Usage: split(str, delimiter) splits the string values on the delimiter and returns the string values as a multivalue field (array). Use an empty string ("") to split the original string into one value per character. If the delimiter is not found, returns an array containing the original string. If the input string is empty, returns an empty array.

Argument type: str: STRING, delimiter: STRING

Return type: ARRAY of STRING

Example

source=people
| eval test = 'buttercup;rarity;tenderhoof;dash', result = split(test, ';')
| fields result
| head 1

Expected output:

fetched rows / total rows = 1/1
+------------------------------------+
| result                             |
|------------------------------------|
| [buttercup,rarity,tenderhoof,dash] |
+------------------------------------+
source=people
| eval test = '1a2b3c4def567890', result = split(test, 'def')
| fields result
| head 1

Expected output:

fetched rows / total rows = 1/1
+------------------+
| result           |
|------------------|
| [1a2b3c4,567890] |
+------------------+
source=people
| eval test = 'abcd', result = split(test, '')
| fields result
| head 1

Expected output:

fetched rows / total rows = 1/1
+-----------+
| result    |
|-----------|
| [a,b,c,d] |
+-----------+
source=people
| eval test = 'name::value', result = split(test, '::')
| fields result
| head 1

Expected output:

fetched rows / total rows = 1/1
+--------------+
| result       |
|--------------|
| [name,value] |
+--------------+
source=people
| eval test = 'hello', result = split(test, ',')
| fields result
| head 1

Expected output:

fetched rows / total rows = 1/1
+---------+
| result  |
|---------|
| [hello] |
+---------+

MVDEDUP

Description

Usage: mvdedup(array) removes duplicate values from a multivalue array while preserving the order of first occurrence. NULL elements are filtered out. Returns an array with duplicates removed, or null if the input is null. Argument type: array: ARRAY Return type: ARRAY Example

source=people
| eval array = array(1, 2, 2, 3, 1, 4), result = mvdedup(array)
| fields result
| head 1

Expected output:

fetched rows / total rows = 1/1
+-----------+
| result    |
|-----------|
| [1,2,3,4] |
+-----------+
source=people
| eval array = array('z', 'a', 'z', 'b', 'a', 'c'), result = mvdedup(array)
| fields result
| head 1

Expected output:

fetched rows / total rows = 1/1
+-----------+
| result    |
|-----------|
| [z,a,b,c] |
+-----------+
source=people
| eval array = array(), result = mvdedup(array)
| fields result
| head 1

Expected output:

fetched rows / total rows = 1/1
+--------+
| result |
|--------|
| []     |
+--------+

MVFIND

Description

Usage: mvfind(array, regex) searches a multivalue array and returns the 0-based index of the first element that matches the regular expression.
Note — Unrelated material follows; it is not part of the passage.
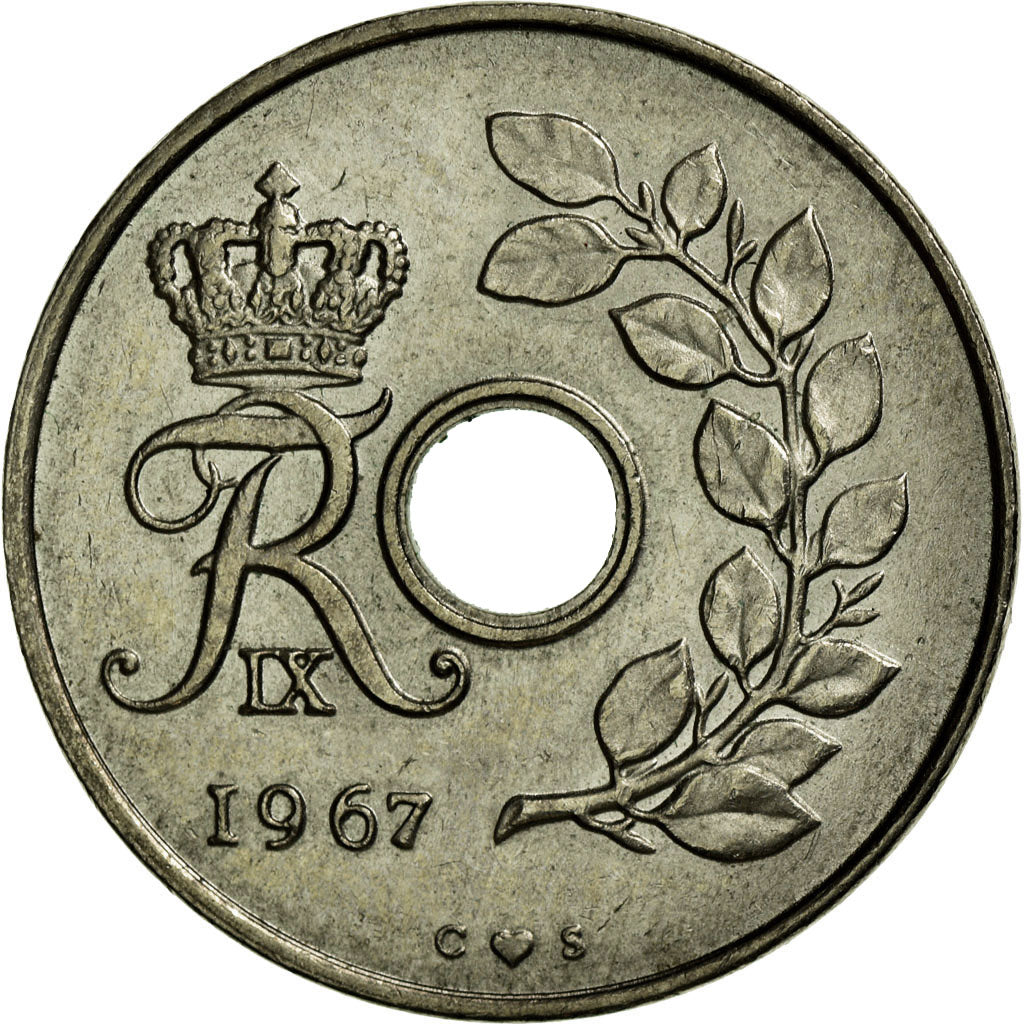 Münze, Dänemark, Frederik IX, 25 Öre, 1967, VZ, Copper-nickel, KM:855.1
Returns NULL if no match is found. Argument type: array: ARRAY, regex: STRING Return type: INTEGER (nullable) Example

source=people
| eval array = array('apple', 'banana', 'apricot'), result = mvfind(array, 'ban.*')
| fields result
| head 1

Expected output:

fetched rows / total rows = 1/1
+--------+
| result |
|--------|
| 1      |
+--------+
source=people
| eval array = array('cat', 'dog', 'bird'), result = mvfind(array, 'fish')
| fields result
| head 1

Expected output:

fetched rows / total rows = 1/1
+--------+
| result |
|--------|
| null   |
+--------+
source=people
| eval array = array('error123', 'info', 'error456'), result = mvfind(array, 'error[0-9]+')
| fields result
| head 1

Expected output:

fetched rows / total rows = 1/1
+--------+
| result |
|--------|
| 0      |
+--------+
source=people
| eval array = array('Apple', 'Banana', 'Cherry'), result = mvfind(array, '(?i)banana')
| fields result
| head 1

Expected output:

fetched rows / total rows = 1/1
+--------+
| result |
|--------|
| 1      |
+--------+

MVINDEX

Description

Usage: mvindex(array, start, [end]) returns a subset of the multivalue array using the start and optional end index values. Indexes are 0-based (first element is at index 0). Supports negative indexing where -1 refers to the last element. When only start is provided, returns a single element. When both start and end are provided, returns an array of elements from start to end (inclusive). Argument type: array: ARRAY, start: INTEGER, end: INTEGER (optional) Return type: ANY (single element) or ARRAY (range) Example

source=people
| eval array = array('a', 'b', 'c', 'd', 'e'), result = mvindex(array, 1)
| fields result
| head 1

Expected output:

fetched rows / total rows = 1/1
+--------+
| result |
|--------|
| b      |
+--------+
source=people
| eval array = array('a', 'b', 'c', 'd', 'e'), result = mvindex(array, -1)
| fields result
| head 1

Expected output:

fetched rows / total rows = 1/1
+--------+
| result |
|--------|
| e      |
+--------+
source=people
| eval array = array(1, 2, 3, 4, 5), result = mvindex(array, 1, 3)
| fields result
| head 1

Expected output:

fetched rows / total rows = 1/1
+---------+
| result  |
|---------|
| [2,3,4] |
+---------+
source=people
| eval array = array(1, 2, 3, 4, 5), result = mvindex(array, -3, -1)
| fields result
| head 1

Expected output:

fetched rows / total rows = 1/1
+---------+
| result  |
|---------|
| [3,4,5] |
+---------+
source=people
| eval array = array('alex', 'celestino', 'claudia', 'david'), result = mvindex(array, 0, 2)
| fields result
| head 1

Expected output:

fetched rows / total rows = 1/1
+--------------------------+
| result                   |
|--------------------------|
| [alex,celestino,claudia] |
+--------------------------+

MVMAP

Description

Usage: mvmap(array, expression) iterates over each element of a multivalue array, applies the expression to each element, and returns a multivalue array with the transformed results. The field name in the expression is implicitly bound to each element value. Argument type: array: ARRAY, expression: EXPRESSION Return type: ARRAY Example

source=people
| eval array = array(1, 2, 3), result = mvmap(array, array * 10)
| fields result
| head 1

Expected output:

fetched rows / total rows = 1/1
+------------+
| result     |
|------------|
| [10,20,30] |
+------------+
source=people
| eval array = array(1, 2, 3), result = mvmap(array, array + 5)
| fields result
| head 1

Expected output:

fetched rows / total rows = 1/1
+---------+
| result  |
|---------|
| [6,7,8] |
+---------+

Note: For nested expressions like mvmap(mvindex(arr, 1, 3), arr * 2), the field name (arr) is extracted from the first argument and must match the field referenced in the expression.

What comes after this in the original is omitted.